Is IBatch feature of Firebird supported in Jaybird? If yes,
1) In which version of Jaybird is IBatch feature of FB4 supported? 2) Is it supported both in PURE_JAVA and NATIVE driver?

AlexPeshkoff commented 2 years ago

On 7/1/22 09:44, hubeny wrote:

OK, thank you. Firebird v4 has IBatch. Are there plans to backport this feature to FB3?

No.

Is IBatch feature of Firebird supported in Jaybird? If yes,

  1. In which version of Jaybird is IBatch feature of FB4 supported?
  2. Is it supported both in PURE_JAVA and NATIVE driver?

Should be present - it was designed in a way to support JDBC batches.
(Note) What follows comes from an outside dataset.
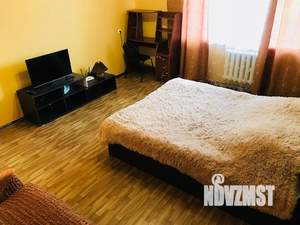 1-к квартира, посуточно, 40м2, 5/10 этаж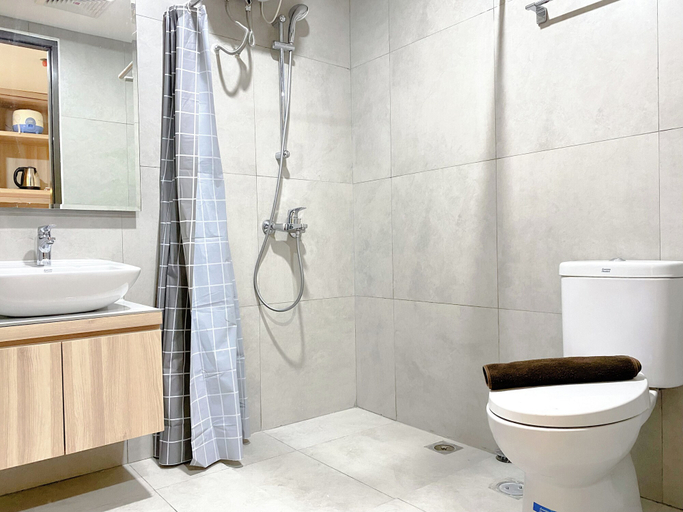 Bathroom 3, Simply Studio Pollux Chadstone Apartment, Cikarang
vasiliy-yashkov commented 2 years ago

Hi, @hubeny !

If you are interested in using batch operations in jaybird, you can try our Red Soft Jaybird driver with IBatch implementation. IBatch is supported in NATIVE driver only. You can also use nexus repository to download artifacts:

<repository>
    <id>nexus-red-soft-ru-jaybird</id>
    <url>https://nexus.red-soft.ru/repository/jaybird</url>
</repository>
...
<dependency>
    <groupId>ru.red-soft.jdbc</groupId>
    <artifactId>jaybird-jdk18</artifactId>
    <version>4.0.18</version>
</dependency>

The use of batches is available via protocols jdbc:firebirdsql:fboo:native: or jdbc:firebird:fboo:native:. Also you need to make sure that fbclient library is located on the PATH environment variable (on Windows) or LD_LIBRARY_PATH environment variable (on Linux).

If you have any questions, write to vasiliy.yashkov@red-soft.ru

mrotteveel commented 2 years ago

On 7/1/22 09:44, hubeny wrote: OK, thank you. Firebird v4 has IBatch. Are there plans to backport this feature to FB3?

Is IBatch feature of Firebird supported in Jaybird? If yes, 1. In which version of Jaybird is IBatch feature of FB4 supported? 2. Is it supported both in PURE_JAVA and NATIVE driver?

Should be present - it was designed in a way to support JDBC batches.

No, it is not present, as documented in the Jaybird 4 release notes, in Notes on Firebird 4 support:

Jaybird 4 [..] does not implement the new batch protocol.

The normal Jaybird implementation does not support the batching added in the Firebird protocol. I haven't gotten around to implementing it, and given the protocol and packet content for batching was (and partially still is) undocumented, it hasn't been a priority for me.

mrotteveel commented 2 years ago

This would have been more suitable to ask on the firebird-java Google Group than here, at least as a starting point.

The basic problem is that Jaybird needs to execute each insert individually, and that means that each execute (assuming auto-commit mode is false, and use of a prepared statement) will generate at minimum one request to the server, and one response back (with either "success" or an error if the execute failed) for each execute. This also means it is not possible to "force Jaybird/Firebird to use the full size of the network packet"

If an update count is needed (e.g. executeUpdate or batch execution), it will need 2 requests to the server, and 2 responses. This also explains your observed difference between using execute() and addBatch()/executeBatch(), as this last option requires the update counts (per set of parameters!).

Jaybird emulates JDBC batch execution, so it doesn't result in any performance gain. In fact, as you discovered, compared to execute() it performs even worse, though in auto-commit mode it would perform better compared to individual executes as it avoids transaction commit + transaction start (which requires an extra 2 requests and 2 responses).

Based on the provided information, I don't think there is a possibility to improve performance, other than Jaybird implementing support for Firebird 4+ batch execution. As Vasiliy mentioned, if you're using Firebird 4, you could also switch to RedSoft's fork of Jaybird and use their support for batch execution (native only).

mrotteveel commented 2 years ago

Created #695 for implementing Firebird 4 batch protocol. I'm closing this issue. For further discussion, I suggest posting to firebird-java.